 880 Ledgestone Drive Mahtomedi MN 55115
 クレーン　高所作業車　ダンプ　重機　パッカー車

--

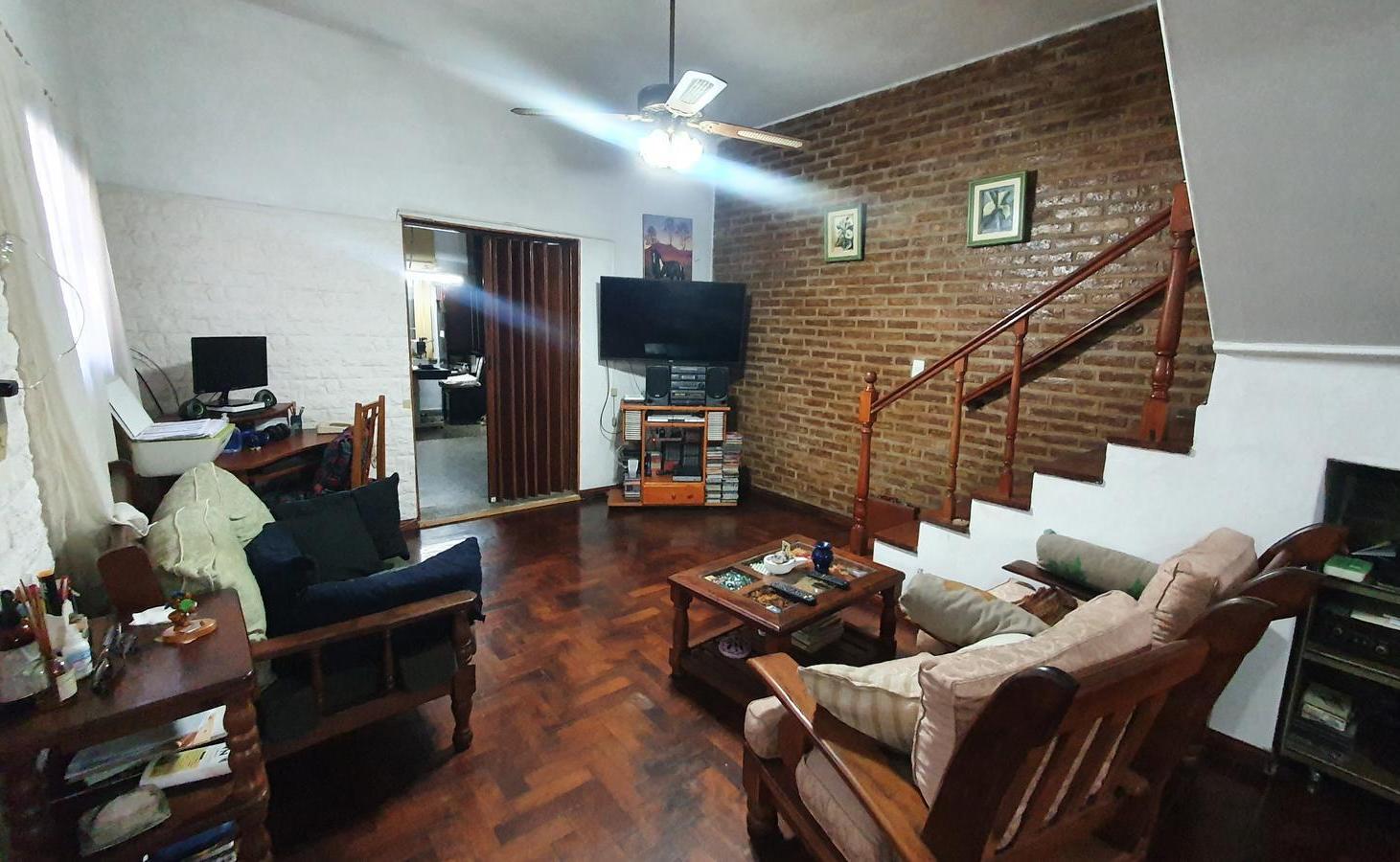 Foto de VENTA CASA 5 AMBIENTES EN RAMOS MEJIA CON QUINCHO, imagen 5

--

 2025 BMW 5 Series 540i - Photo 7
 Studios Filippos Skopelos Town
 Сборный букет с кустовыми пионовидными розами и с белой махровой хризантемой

--

» What is required
Repeat, character for character, the lines of the material above from the line with "Studios Filippos Skopelos Town" through the line with "Сборный букет с".

» Completed exercise
 Studios Filippos Skopelos Town
 Сборный букет с кустовыми пионовидными розами и с белой махровой хризантемой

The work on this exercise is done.